Publications : (2 maximum)
·
Tiancheng Li and Ninghui Li: “On the Tradeoff between Privacy and Utility
in Data Publishing”. To appear in ACM KDD-09, June 2009.
·
Ninghui Li, Tiancheng Li, and Suresh
Venkatasubramanian. “t-Closeness: Privacy beyond k-Anonymity and l-Diversity”. In ICDE, June 2007.
Title of Project : A Framework for Privacy Preserving Microdata
Publishing
We aim at
developing a framework for privacy preserving microdata publishing that
considers the interactions among four critical aspects: Data properties, Privacy
threats, Publishing methods, and Utility measures. We
consider data with high dimensionality as well as data without a clear
separation between quasi-identifier and sensitive attributes. For privacy,
we consider addressing three threats: (1) presence threats, in which an
adversary learns that an individual's record is in the published data; (2)

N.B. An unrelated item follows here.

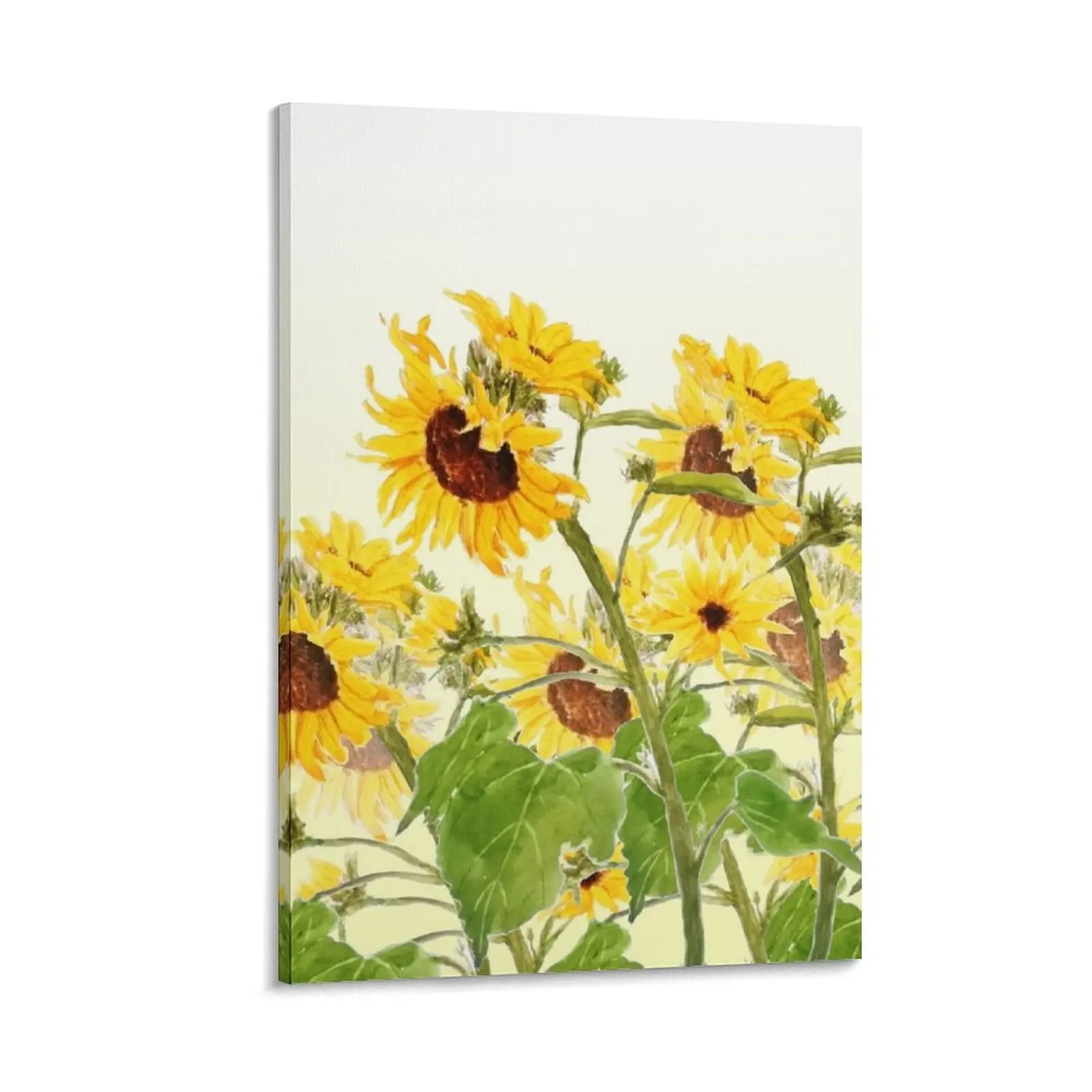 yellow sunflower fields watercolor Canvas Painting Bedroom deco Decoration bedroom decor wall decoration painting
yellow sunflower fields watercolor Canvas Painting Bedroom deco Decoration bedroom decor wall decoration painting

identity disclosure threats, in which an individual is linked to a particular
record in the released data; and (3) attribute disclosure threats, in which new
information about some attribute of an individual is revealed. We consider both existing publishing methods
such as generalization and bucketization, and a method we introduce:
slicing. For utility, we consider the
utility measures for a number of data mining tasks on anonymized data.
For privacy,
we focus on developing a privacy notion that formalizes the same intuition as
differential privacy, but is practically achievable for microdata. While differential privacy has been studied
intensively in recent years, all existing results are about publishing
statistical information, rather than publishing microdata. Differential privacy aims at capturing the
following intuition of privacy: “Any disclosure will be, within a small
multiplicative factor, just likely whether or not the individual participates
in the database.” To formalize this, we
need to define the two cases: (1) the individual participates, and (2) the
individual does not participate. In
existing literature, this is modeled by D and D’ such that D\D’={t}. This modeling, however, results in a
requirement too strong for microdata publishing. We need a more suitable formulation.
For
publishing methods, we introduce a new technique called slicing. Slicing
partitions the dataset both vertically and horizontally. Vertical partitioning
is done by grouping attributes into columns based on the correlations among the
attributes. Each column contains a subset of attributes that are highly
correlated. Horizontal partitioning is done by grouping tuples into buckets.
Finally, within each bucket, values in each column are randomly permutated (or
sorted) to break the linking between different columns. Slicing breaks the association cross
columns, but preserves the association within each column. This reduces the
dimensionality of the data and preserves better utility.